TASK INSTRUCTIONS:
In the records below, the line with "Trello landing page screenshot" opens the range and the line with "PUMA Long Sleeve" closes it; print that range exactly and nothing else.

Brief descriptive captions
=-=-=-=-=

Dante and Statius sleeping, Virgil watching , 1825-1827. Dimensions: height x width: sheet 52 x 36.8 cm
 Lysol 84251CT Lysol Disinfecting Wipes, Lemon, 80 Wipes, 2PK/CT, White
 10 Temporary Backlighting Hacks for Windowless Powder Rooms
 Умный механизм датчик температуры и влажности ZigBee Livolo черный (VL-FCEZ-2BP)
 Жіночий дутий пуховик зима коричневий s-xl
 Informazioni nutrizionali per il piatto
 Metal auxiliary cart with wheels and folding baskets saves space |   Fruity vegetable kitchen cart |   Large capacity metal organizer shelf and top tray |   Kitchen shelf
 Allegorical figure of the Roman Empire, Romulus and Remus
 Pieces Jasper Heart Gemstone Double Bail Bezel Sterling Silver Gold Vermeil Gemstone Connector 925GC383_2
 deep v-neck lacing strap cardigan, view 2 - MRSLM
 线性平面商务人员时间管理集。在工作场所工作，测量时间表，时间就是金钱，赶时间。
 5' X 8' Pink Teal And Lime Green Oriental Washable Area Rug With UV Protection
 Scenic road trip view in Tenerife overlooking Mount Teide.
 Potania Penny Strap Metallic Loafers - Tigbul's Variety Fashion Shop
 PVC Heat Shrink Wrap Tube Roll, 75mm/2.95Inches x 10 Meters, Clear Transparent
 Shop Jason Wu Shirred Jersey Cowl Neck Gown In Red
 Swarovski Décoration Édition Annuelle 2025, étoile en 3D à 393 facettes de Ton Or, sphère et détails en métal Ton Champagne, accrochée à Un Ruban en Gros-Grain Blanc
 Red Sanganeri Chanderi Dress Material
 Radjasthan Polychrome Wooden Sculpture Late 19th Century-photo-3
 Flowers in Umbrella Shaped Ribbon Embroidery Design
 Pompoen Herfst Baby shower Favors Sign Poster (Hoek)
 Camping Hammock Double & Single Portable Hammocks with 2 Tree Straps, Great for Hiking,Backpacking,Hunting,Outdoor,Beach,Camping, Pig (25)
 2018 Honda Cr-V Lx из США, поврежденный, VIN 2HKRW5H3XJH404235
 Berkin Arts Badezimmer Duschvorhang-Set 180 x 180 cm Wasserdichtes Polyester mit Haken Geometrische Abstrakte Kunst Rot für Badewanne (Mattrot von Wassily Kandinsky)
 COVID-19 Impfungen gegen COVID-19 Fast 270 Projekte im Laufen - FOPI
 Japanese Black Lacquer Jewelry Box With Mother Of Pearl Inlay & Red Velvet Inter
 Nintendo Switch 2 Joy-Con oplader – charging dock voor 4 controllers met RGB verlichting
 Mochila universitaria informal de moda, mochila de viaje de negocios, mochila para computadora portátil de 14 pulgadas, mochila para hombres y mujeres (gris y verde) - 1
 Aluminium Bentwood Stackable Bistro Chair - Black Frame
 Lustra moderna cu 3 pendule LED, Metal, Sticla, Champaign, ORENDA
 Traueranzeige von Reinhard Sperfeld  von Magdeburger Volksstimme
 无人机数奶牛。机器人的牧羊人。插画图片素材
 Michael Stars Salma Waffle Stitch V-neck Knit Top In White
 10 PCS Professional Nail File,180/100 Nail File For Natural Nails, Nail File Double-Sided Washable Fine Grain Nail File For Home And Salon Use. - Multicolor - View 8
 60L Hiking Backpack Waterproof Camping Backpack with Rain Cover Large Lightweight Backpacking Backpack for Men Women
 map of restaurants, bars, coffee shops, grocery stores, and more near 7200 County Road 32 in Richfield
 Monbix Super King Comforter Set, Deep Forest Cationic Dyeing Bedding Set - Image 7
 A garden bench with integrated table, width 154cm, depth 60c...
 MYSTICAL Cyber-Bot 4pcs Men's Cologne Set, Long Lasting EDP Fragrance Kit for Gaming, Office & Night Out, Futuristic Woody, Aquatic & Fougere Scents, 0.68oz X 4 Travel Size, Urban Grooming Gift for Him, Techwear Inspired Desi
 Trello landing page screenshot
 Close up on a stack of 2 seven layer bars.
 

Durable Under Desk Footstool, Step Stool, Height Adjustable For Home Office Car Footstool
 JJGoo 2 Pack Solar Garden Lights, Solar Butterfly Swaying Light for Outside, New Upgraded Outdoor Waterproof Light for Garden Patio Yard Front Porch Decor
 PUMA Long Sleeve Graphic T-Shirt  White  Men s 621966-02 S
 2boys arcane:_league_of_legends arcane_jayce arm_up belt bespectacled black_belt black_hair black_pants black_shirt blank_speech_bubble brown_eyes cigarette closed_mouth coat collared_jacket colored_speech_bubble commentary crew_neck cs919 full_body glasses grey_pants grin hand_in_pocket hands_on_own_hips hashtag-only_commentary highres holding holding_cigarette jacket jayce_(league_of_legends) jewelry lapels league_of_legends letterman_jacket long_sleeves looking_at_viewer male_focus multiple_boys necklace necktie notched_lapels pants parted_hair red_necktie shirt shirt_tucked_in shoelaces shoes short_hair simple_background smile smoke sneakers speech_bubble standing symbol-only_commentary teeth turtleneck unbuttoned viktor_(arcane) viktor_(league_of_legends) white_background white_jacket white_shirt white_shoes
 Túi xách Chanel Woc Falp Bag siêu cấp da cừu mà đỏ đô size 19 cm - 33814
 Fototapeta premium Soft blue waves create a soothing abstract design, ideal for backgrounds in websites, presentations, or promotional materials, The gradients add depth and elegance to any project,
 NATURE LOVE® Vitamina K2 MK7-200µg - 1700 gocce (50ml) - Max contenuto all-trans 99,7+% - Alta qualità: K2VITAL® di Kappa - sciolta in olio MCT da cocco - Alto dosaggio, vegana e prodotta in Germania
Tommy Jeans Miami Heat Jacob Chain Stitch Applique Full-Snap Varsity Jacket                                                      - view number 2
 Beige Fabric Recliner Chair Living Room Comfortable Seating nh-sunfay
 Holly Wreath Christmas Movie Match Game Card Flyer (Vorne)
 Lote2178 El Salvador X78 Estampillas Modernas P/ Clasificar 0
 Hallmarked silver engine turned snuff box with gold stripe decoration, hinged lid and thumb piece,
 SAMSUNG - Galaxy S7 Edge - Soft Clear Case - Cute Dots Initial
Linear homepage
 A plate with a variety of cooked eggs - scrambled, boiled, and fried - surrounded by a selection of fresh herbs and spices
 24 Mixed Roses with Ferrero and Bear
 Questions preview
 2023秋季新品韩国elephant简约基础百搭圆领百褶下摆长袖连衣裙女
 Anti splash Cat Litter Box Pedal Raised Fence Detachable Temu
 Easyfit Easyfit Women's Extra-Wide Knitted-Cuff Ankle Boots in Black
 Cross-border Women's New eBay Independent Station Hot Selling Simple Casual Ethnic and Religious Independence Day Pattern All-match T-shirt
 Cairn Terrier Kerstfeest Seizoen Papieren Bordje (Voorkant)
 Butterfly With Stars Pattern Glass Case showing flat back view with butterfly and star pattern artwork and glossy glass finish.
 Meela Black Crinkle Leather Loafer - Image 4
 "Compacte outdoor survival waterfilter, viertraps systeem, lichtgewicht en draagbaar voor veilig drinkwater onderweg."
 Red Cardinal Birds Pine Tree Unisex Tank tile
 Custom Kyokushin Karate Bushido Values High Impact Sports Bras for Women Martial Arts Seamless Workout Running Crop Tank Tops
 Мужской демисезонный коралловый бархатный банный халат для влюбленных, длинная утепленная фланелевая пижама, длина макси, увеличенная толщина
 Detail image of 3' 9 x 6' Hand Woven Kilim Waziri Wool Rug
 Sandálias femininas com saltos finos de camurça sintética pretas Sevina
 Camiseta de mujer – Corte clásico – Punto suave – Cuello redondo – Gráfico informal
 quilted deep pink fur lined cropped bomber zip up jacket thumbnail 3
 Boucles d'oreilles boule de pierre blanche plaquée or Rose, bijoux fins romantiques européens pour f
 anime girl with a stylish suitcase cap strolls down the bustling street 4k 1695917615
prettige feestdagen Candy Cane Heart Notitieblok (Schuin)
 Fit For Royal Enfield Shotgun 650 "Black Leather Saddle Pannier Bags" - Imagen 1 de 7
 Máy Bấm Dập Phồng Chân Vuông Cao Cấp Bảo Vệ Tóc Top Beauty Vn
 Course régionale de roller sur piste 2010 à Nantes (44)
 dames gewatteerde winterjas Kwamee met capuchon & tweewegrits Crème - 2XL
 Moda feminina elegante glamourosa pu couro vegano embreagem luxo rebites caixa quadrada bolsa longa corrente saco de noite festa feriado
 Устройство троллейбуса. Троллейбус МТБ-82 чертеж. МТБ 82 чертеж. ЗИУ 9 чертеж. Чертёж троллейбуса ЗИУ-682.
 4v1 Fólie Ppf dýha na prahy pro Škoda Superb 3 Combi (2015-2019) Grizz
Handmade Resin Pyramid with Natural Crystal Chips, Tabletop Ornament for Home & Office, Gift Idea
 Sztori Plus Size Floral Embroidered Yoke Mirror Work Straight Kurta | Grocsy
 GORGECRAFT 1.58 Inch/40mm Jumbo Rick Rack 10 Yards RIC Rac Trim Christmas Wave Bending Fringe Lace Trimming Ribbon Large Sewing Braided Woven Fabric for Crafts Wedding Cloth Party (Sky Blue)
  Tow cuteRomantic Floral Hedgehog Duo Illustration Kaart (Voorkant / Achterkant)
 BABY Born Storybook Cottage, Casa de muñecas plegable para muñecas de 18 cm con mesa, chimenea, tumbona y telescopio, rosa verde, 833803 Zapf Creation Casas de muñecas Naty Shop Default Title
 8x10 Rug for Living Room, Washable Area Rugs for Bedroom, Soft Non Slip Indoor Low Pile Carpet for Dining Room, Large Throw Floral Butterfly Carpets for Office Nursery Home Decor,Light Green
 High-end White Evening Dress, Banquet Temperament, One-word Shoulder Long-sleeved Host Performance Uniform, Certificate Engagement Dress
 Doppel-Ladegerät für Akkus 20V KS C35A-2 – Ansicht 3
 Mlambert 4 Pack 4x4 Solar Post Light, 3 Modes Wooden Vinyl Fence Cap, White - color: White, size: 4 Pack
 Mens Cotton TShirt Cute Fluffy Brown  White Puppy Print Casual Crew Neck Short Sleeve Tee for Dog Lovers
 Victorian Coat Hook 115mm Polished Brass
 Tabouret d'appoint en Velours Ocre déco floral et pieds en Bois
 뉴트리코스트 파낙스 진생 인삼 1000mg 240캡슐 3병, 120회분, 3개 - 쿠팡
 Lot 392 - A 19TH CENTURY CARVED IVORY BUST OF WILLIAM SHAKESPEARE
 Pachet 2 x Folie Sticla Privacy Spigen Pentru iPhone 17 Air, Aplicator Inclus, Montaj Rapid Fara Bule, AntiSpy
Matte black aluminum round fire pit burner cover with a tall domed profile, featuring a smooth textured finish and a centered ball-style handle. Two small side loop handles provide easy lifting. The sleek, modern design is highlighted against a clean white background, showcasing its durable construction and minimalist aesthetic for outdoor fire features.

=-=-=-=-=

EXERCISE RESPONSE:
 Trello landing page screenshot
 Close up on a stack of 2 seven layer bars.
 

Durable Under Desk Footstool, Step Stool, Height Adjustable For Home Office Car Footstool
 JJGoo 2 Pack Solar Garden Lights, Solar Butterfly Swaying Light for Outside, New Upgraded Outdoor Waterproof Light for Garden Patio Yard Front Porch Decor
 PUMA Long Sleeve Graphic T-Shirt  White  Men s 621966-02 S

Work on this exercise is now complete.